The BBC is reporting that “new gargoyles were being lifted into place at Gloucester Cathedral as part of a revamp of the building.” This is what the new release says:
New gargoyles were being lifted into place at Gloucester Cathedral as part of a revamp of the building.
The three sculptures are part of an ongoing restoration project of the 800-year-old cathedral, which is costing an estimated £750,000.
They have been carved by the cathedral’s own team of stonemasons to replace the original 600-year-old gargoyles on the south aisle.
The figures depict characters from the Old Testament’s Book of Psalms.
The project to replace the original 13 gargoyles was due to be completed in about three or four years’ time, said a cathedral spokesman.
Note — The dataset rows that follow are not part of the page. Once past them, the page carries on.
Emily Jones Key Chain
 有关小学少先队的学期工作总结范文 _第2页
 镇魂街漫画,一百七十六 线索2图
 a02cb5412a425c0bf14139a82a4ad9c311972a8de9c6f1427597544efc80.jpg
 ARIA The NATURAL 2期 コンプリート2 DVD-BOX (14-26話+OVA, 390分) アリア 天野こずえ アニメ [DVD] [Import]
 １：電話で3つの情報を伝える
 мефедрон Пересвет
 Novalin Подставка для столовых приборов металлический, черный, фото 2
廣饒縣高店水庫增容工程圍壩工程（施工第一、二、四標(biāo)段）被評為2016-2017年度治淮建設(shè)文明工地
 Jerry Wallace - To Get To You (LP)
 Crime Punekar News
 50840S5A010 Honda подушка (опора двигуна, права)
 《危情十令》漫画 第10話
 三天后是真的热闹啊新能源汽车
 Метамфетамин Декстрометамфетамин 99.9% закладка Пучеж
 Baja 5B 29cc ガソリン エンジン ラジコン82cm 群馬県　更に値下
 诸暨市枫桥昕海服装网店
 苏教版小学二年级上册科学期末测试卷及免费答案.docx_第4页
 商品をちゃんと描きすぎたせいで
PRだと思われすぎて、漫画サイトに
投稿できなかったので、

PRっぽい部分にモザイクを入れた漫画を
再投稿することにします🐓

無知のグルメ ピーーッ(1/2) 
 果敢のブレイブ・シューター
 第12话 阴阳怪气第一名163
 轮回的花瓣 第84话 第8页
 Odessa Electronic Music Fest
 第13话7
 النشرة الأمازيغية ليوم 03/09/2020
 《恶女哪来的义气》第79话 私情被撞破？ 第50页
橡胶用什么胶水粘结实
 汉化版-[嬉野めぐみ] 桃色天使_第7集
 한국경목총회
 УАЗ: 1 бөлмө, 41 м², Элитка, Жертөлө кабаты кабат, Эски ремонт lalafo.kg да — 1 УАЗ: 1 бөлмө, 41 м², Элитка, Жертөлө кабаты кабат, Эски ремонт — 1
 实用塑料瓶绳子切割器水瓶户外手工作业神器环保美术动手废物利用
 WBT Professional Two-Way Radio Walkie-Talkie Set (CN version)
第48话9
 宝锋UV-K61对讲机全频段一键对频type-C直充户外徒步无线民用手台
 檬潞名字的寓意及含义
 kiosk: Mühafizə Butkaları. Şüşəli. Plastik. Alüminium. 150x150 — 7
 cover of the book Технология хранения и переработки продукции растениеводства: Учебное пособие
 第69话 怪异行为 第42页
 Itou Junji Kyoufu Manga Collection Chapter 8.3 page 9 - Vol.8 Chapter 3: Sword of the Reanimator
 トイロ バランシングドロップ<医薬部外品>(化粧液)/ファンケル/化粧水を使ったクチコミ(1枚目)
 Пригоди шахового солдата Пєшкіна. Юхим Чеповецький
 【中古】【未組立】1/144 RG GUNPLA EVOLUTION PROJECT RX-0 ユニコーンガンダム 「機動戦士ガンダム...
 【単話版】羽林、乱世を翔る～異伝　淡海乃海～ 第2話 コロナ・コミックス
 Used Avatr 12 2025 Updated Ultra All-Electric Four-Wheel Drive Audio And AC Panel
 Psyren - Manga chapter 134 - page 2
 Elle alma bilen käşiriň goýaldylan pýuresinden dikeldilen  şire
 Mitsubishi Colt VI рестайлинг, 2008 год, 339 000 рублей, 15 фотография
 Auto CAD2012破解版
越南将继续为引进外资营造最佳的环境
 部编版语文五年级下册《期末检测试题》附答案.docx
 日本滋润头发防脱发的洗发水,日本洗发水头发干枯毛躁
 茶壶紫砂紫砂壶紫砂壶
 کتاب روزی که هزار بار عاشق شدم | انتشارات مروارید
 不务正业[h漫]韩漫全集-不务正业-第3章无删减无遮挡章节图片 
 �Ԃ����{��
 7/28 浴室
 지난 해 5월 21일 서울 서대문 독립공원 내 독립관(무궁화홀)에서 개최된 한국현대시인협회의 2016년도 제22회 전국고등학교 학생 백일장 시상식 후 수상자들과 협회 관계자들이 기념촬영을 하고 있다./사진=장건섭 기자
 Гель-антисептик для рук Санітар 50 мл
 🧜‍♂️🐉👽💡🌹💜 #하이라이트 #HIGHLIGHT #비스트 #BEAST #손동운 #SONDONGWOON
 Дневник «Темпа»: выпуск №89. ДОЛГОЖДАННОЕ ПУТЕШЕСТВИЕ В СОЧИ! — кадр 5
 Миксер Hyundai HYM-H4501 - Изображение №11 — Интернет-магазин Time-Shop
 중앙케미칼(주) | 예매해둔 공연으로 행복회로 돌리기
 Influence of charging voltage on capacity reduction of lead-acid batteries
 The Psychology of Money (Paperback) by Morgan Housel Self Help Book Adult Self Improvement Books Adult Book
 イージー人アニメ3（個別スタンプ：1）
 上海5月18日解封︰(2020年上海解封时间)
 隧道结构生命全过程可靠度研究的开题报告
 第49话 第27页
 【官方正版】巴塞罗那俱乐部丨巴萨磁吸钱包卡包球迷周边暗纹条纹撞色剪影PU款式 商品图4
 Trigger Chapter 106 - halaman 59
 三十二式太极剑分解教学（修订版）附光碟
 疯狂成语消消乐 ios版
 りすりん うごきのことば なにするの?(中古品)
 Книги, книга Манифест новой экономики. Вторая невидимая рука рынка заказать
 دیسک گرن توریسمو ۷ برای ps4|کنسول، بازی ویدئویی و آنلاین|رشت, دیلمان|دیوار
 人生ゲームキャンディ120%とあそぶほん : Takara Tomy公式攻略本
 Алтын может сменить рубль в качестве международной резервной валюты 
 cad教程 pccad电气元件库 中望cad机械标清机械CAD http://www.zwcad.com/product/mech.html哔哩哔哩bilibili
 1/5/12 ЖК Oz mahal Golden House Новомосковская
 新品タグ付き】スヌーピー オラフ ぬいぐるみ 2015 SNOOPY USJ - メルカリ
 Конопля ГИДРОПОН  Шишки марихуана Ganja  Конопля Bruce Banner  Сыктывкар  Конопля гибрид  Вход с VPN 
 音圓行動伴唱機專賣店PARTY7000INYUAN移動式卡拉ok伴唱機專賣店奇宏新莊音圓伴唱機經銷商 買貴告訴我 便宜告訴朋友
The gargoyles put in place in Tuesday depicted characters from Psalm 148, he added.
According to the news report, “the gargoyles put in place in Tuesday depicted characters from Psalm 148.”
I had forgotten about the gargoyles of the Old Testament, those grotesque figures generally used as ornaments in pagan temples and in churches whose function was to scare off evil spirits and protect holy places.
So, I reread Psalm 148, the biblical text used to depict those gargoyles. And sure enough, just as I suspected, the gargoyles of Psalm 148 are just the creation of a very fertile imagination.